Copy nothing but the lines running from the one containing "Клавіатура і Миша" through the end of the listing below. Drop the pictures.

— Given information —
════════════════
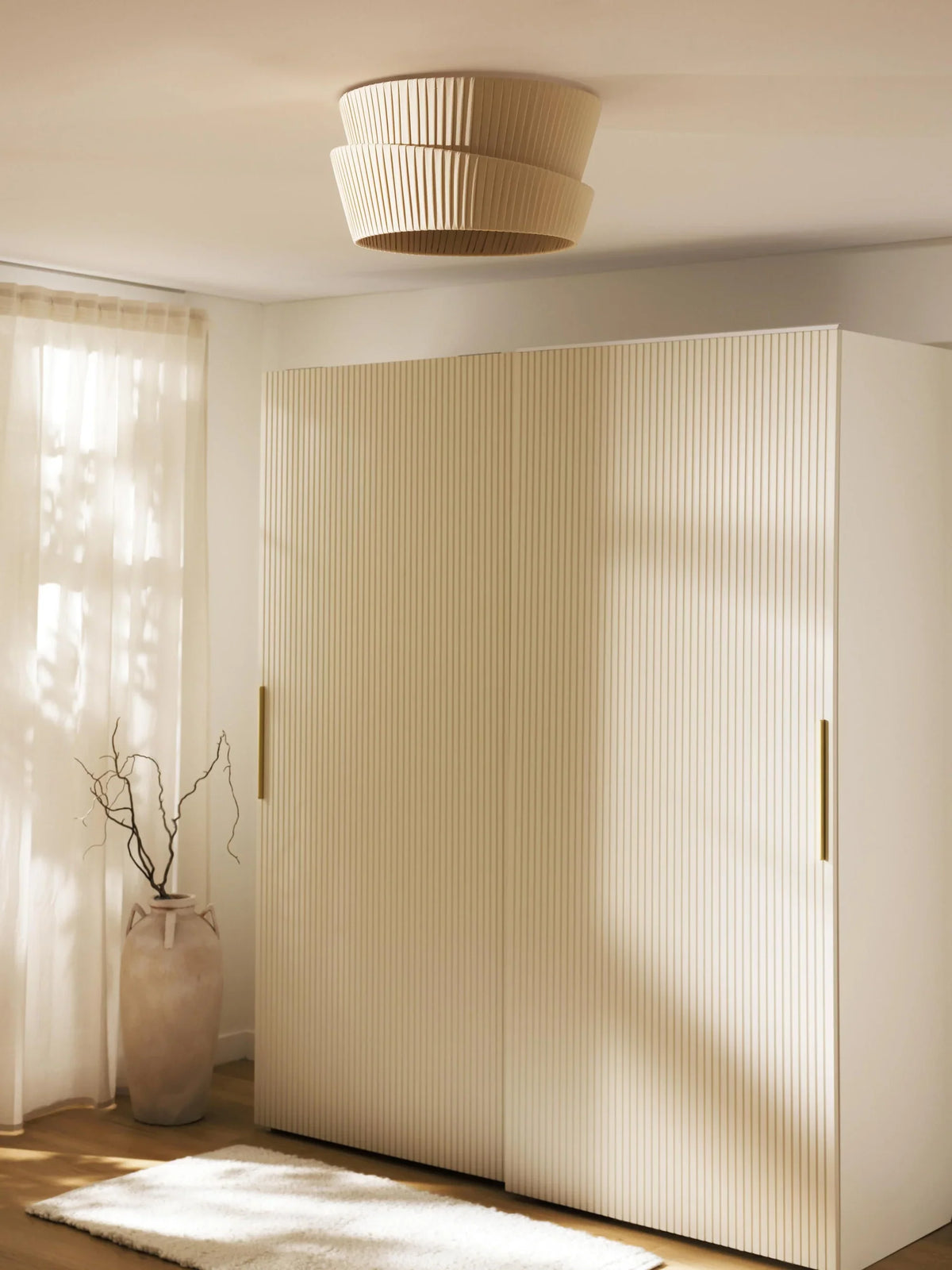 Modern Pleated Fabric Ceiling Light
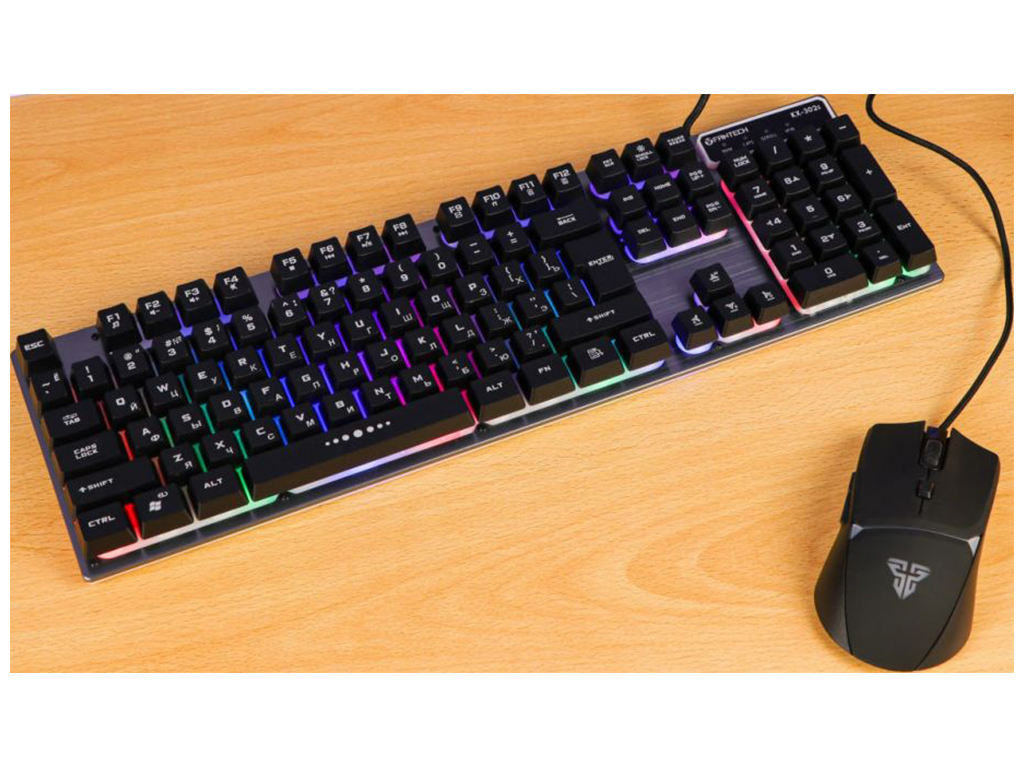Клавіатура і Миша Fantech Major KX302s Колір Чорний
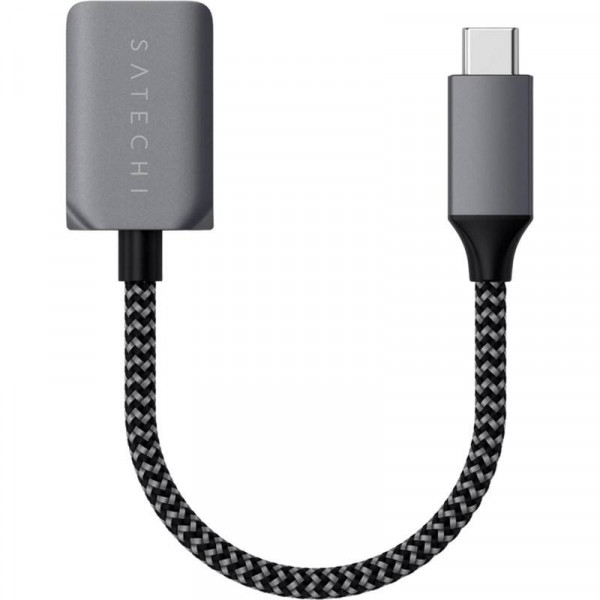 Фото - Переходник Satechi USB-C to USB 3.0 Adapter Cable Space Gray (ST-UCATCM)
════════════════
— Solution —
Клавіатура і Миша Fantech Major KX302s Колір Чорний
 Фото - Переходник Satechi USB-C to USB 3.0 Adapter Cable Space Gray (ST-UCATCM)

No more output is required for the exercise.